An Average Outgoing Quality (AOQ) Curve is also available.
Next we present the data and output for a variables sampling plan. We want to accept the lot if the mean is 200 pounds but reject the lot if the mean is 180 pounds. The standard deviation of the items produced is 10 pounds. We are using 5% and 10% for alpha and beta respectively. For variables sampling, alpha and beta are numerical rather than preset by the drop-down box. The next example will illustrate this more clearly.
The output is very similar to the output for attributes sampling. In this example, we should sample 3 items, and weigh them; if the average weight is less than 189.8964 pounds, we should reject the lot.
The fourth, fifth, and sixth options from the submenu are used to develop control charts. Option 4 is used when the percentage of defects is of interest, option 5 when there is a variable measurement and an x-bar or Range (R-Bar) chart is required. The last option is for the number of defects (distributed as a Poisson Random Variable). In any of these cases it is necessary to indicate how many samples there are.
The module begins by asking for the number of samples. In example 3, which is shown in the following screen, we filled in a column of data indicating the number of defects in each of 10 samples. Also, we have asked for a 3-sigma control chart at the top. The top indicates that the sample size for each of these samples was 150. The program has computed the average percentage of defects which is displayed as 3.8%. The standard deviation of p-bar is shown at the upper right as .0156.
A control chart can also be displayed and is exhibited below.
After the number of samples is entered, there are two options. Either the raw data can be entered or the mean and range for each sample can be entered. We will display both.

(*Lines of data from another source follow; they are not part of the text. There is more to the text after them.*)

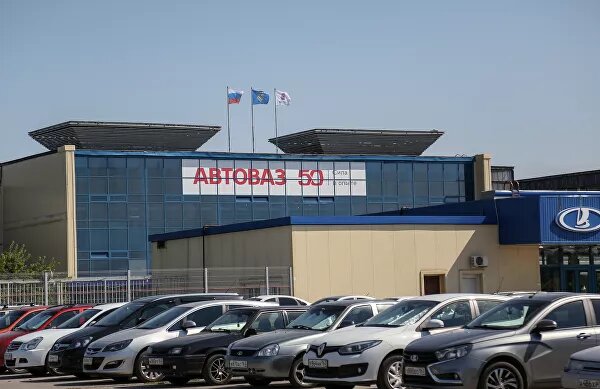 Эксперты уверены: если серийного насильника вовремя не остановить, рано или поздно он начнет убивать. Тольяттинский эту теорию подтвердил.© РИА Новости / Игорь АгеенкоПерейти в фотобанкАвтомобили на стоянке у завода ОАО "АвтоВАЗ" в ТольяттиЛетом 1996-го пропала семилетняя Полина. Ее тело нашли на территории заброшенной воинской части. На этот раз оперативникам повезло — соседка девочки вспомнила, что видела ее в обществе знакомого, живущего поблизости, — 30-летнего бывшего сотрудника "АвтоВАЗа" Олега Рылькова.Сотрудники уголовного розыска отправились к нему домой. Жена Рылькова сказала, что три месяца назад выгнала мужа из дома, не выдержав постоянных издевательств. С тех пор его не видела.Фотографию Рылькова разослали во все отделения милиции, а также в газеты и на телевидение. Оперативники предположили, что маньяк, скорее всего, покинул город и залег на дно где-нибудь в другом регионе. Но это было не так.Через две недели после убийства Полины милицейский патруль задержал на местном рынке мужчину, расплатившегося фальшивой купюрой. Тот представился Александром Ященко и назвал адрес. Его отпустили под подписку о невыезде. Хотя на всех стендах о розыске особо опасных преступников была фотография Рылькова, в "фальшивомонетчике Ященко" милиционеры серийника не опознали. аньяк понимал, что его ищут, и назвал в отделении имя и фамилию своего знакомого. Но выяснилось это позже. Единственный просчет
Рыльков прожил в Тольятти еще год, перебиваясь случайными заработками и мелкими кражами, и лишь весной 1997-го покинул город. Впрочем, уехал он недалеко, обосновавшись в областном садовом товариществе, где подрядился на стройку. Там познакомился с 40-летней Мосфирой Сарифуллиной, представившись ей Владимиром Колесниченко.
Он всячески помогал одинокой женщине и вскоре перебрался к ней. Однако гражданский брак продлился недолго — через месяц Рыльков жестоко расправился с приютившей его хозяйкой. "Во время очередной ссоры я ее толкнул на кровать, — рассказывал убийца на следственном эксперименте. — Мосфира упала лицом вниз, а я взял топор и обухом ударил по затылку четыре или пять раз".
Олег Рыльков
© Фото : СУ СКР по Самарской области
Олег Рыльков
Рыльков вновь подался в бега, прихватив с собой ключи от тольяттинской квартиры убитой. На следующий день он взял топор и обманом проник домой к соседям Мосфиры, где в тот момент находились девятилетняя девочка и ее 16-летний брат.
Подросток чудом остался жив и, дождавшись, пока маньяк покинет квартиру, вызвал милицию. Рылькова задержали спустя несколько часов.
Старые эпизоды
Суд признал Олега Рылькова виновным в четырех убийствах и более чем 30 изнасилованиях, а также в ряде краж и грабежей. Зимой 1998-го его приговорили к смертной казни, впоследствии заменив ее пожизненным лишением свободы. С тех пор постоянным "местом прописки" тольяттинского маньяка стала Соль-Илецкая колония особого режима "Черный дельфин".
В нулевые Рыльков начал признаваться в новых убийствах и изнасилованиях. Это позволяло ему на время следствия менять камеру-одиночку на более комфортное СИЗО. Потом Рылькова возвращали в "Черный дельфин". Летом 2019-го он "вспомнил" еще о нескольких преступлениях, его этапировали из Соль-Илецка в Сызрань. Там осужденный подал ходатайство о досрочном освобождении. По состоянию здоровья. Якобы тяжелое заболевание сердца не позволяет ему больше находиться за решеткой.
Хотя маньяк непрерывно жаловался на плохое самочувствие и твердил об ущемлении своих прав, выйти на свободу ему не удалось — Сызранский городской суд ходатайство отклонил.
"Маньяков, по-моему, вообще нельзя отпускать на свободу, — говорит экс-оперуполномоченный убойного отдела МУРа, полковник милиции в отставке Игорь Васильев. — Они не исправятся, потому что, убивая, удовлетворяют свои потребности. Эти преступники всегда должны быть изолированы".На днях Рылькова признали виновным еще в двух убийствах: одно он совершил летом 1994-го, другое — весной 1997-го. Жертвы — несовершеннолетние девочки. К пожизненному сроку приплюсовали еще 19 лет колонии. Следователи не исключают, что в деле тольяттинского потрошителя рано ставить точку и он решится на новые признания.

In the example, we display the data and output for the mean (x-Bar) and Range (R-bar) charts. Six samples of five items have been taken and their weights have been recorded. The first sample had an average weight of 561.9 pounds and a range of 25.3 pounds. The control charts are set up based on the range. (Some authors set up control charts based on standard deviations rather than ranges.) The Mean and Range chart on the right are based on three standard deviations.
Example 5 - Using raw data in x bar and range charts
The following screen presents the data for an example with raw data.
The software computes the mean and range for each sample and then computes the control charts.
The following screen contains a sample c-chart. The number of samples is entered followed by the number of defects in each sample. The program computes and displays the defect rate (4.4), its standard deviation (2.0976), and the control limits.
Process capability
For process capability the upper and lower tolerances for a process must be set. Optionally, the mean may be set. If the mean is not set then the center point between the upper and lower tolerances will be used. Finally, a standard deviation must be given. Both an upper and lower index are computed and process capability is the minimum of these two indices.